The overall operation and communication between clients and servers is again similar to that used by BOOTP, but with changes. The same basic request/reply protocol using UDP was retained for communicating configuration information, but additional message types were created to support DHCP's enhanced capabilities. BOOTP relay agents can be used by DHCP in a manner very similar to how they are used by BOOTP clients and server. The vendor information extensions from BOOTP were retained as well, but were formalized, renamed DHCP options, and extended to allow the transmission of much more information.
The result of all of this development effort is a widely-accepted, universal host configuration protocol for TCP/IP that retains compatibility with BOOTP while significantly extending its capabilities. Today, DHCP is found on millions of networks worldwide. It is used for everything from assigning IP addresses to multi-thousand-host corporate networks, to allowing a home Internet access router to automatically providing the correct Internet configuration information to a single user's computer.
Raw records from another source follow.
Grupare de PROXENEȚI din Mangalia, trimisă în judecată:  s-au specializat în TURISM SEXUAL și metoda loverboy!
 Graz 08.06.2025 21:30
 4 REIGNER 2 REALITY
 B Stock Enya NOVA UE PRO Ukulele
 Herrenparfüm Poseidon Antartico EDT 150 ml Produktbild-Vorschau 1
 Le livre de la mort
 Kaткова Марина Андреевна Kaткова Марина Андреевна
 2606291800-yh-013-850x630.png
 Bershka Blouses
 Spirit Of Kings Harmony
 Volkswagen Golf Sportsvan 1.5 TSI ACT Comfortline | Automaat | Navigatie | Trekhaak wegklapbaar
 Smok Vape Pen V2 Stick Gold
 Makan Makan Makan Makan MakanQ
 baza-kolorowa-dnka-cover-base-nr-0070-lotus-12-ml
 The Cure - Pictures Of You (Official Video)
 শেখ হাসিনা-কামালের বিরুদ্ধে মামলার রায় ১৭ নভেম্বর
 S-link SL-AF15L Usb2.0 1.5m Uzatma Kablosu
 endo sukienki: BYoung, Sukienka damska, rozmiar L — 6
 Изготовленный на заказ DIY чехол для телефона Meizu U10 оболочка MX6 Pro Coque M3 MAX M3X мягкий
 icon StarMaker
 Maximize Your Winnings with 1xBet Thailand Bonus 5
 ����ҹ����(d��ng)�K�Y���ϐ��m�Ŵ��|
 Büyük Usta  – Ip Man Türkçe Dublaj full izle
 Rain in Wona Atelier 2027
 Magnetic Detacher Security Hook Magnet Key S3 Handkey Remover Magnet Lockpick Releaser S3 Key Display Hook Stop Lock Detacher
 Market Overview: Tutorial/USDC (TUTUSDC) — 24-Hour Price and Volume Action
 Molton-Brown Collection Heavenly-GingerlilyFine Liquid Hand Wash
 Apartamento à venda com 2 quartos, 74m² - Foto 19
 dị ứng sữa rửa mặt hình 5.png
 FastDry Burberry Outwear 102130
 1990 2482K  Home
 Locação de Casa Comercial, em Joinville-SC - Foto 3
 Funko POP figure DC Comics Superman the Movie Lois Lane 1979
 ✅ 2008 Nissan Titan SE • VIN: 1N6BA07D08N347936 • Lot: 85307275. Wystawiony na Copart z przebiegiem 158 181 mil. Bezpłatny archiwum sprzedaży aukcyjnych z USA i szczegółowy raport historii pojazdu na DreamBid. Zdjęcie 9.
The original DHCP specification was revised in March 1997 with the publishing of RFC 2131, also entitled Dynamic Host Configuration Protocol. This standard defined another new DHCP message type to allow active IP hosts to request additional configuration information. It also made several other small changes to the protocol. Since that time numerous other DHCP-related RFCs have been published, most of which either define new DHCP option types (other kinds of information DHCP servers can send to DHCP clients) or slightly refine the way that DHCP is used in particular applications.